Хотя всяких общин полно, удивляться особо не приходится. Но и ей верить слету, тоже такое себе. По опыту знаю, иной раз задержанные такое сочиняют, можно романы писать. Платили бы будь здоров, если бы в газеты куда брали. Лепят настолько искренне, что наши неопытные новички могут поверить, рыть что-то сподобятся. Такие актеры попадаются и все как один невиновны, обстоятельства заставили, жизнь прогнула и все такое – классика.
Короче, надо разбираться.
Юзаю отросшую щетину, наблюдая как моя находка жалобно и горько пищит.
– М-да, – прикидываю, что же дальше. – Как зовут? Эй!
Прикладываю тыльную часть ладони ко лбу. Полыхает. Пышет, как печка. Жар реально нездоровый.
Присаживаюсь рядом, поднимаю за подбородок. Простой жест заставляет находку вывернуться наизнанку. Вздрагивает так сильно, что макушкой прикладывается. Простое прикосновение вызывает лютое отторжение. Трясется еще сильнее, головой мотает, пытается вырваться. Выдавливает с отвращением сквозь сжатые зубы.
– Не трогай. Не хочу-у … Не трогай.
Глаза вновь раскрываются. Обжигает испуганным синим огнем, в который еще и ненависти добрую щепоть добавлено. Микс жертвы, я так понимаю яркую смесь, что на меня прямым лучом направлена. И у меня опять столбняк. Она гипнотизирует, ничего ж кроме света василькового не вижу. Таращусь на нее в ответ. Секунд десять плаваю, больше не выдерживаю.
– Тихо. Не кричи.
В ее глазах мелькает проблеск, узнает меня. Кажется, даже с облегчением выдыхает. Впивается ногтями в руку. В мясо проникает, шкурка трескается. Но ладонь не убираю. Чувствую, что это для нее как спасение и связь с реальностью.

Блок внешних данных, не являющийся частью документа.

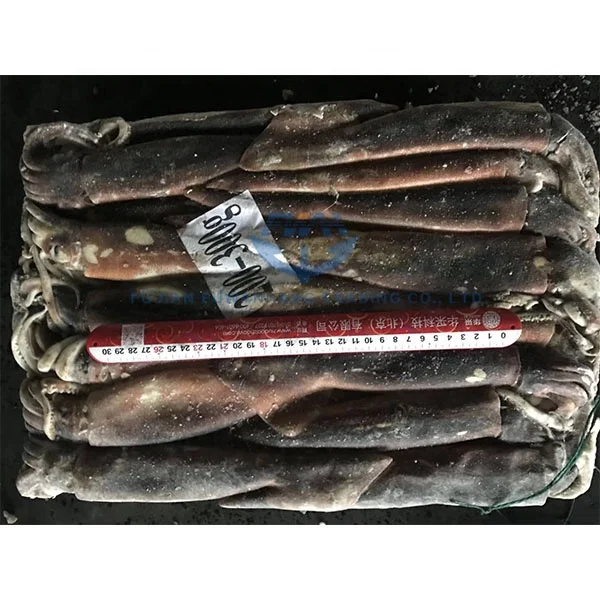 
Seafood Frozen Jigger Illex Squid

– Эй, нужен врач? Слышишь?
– Нет. Лучше умереть.
Хуясе. Становится все интереснее.
– Помоги мне, – шепчет она, – я отдам тебе … – сует кулачок за пазуху. О, вот этого не надо. Еще я секс-дары с подворотен не собирал. Но на самом деле беспризорница достает цепочку, на которой висит кулон. Прекрасно, она еще и предположительно воровка. – Забери себе, только не отдавай меня им.
Мягко отталкиваю. Боится она. Вон трясется как. Вопрос в том, где подвеску стащила. Или не стащила? Рассматриваю поближе. Ничего себе побрякушка. С удивлением верчу в руках, золото закручено в необыкновенные узоры, в середине мерцает камень. Такое в салоне не купишь, только на заказ делать. И не каждый ювелир сможет сотворит чудо, а тут прям фантастика.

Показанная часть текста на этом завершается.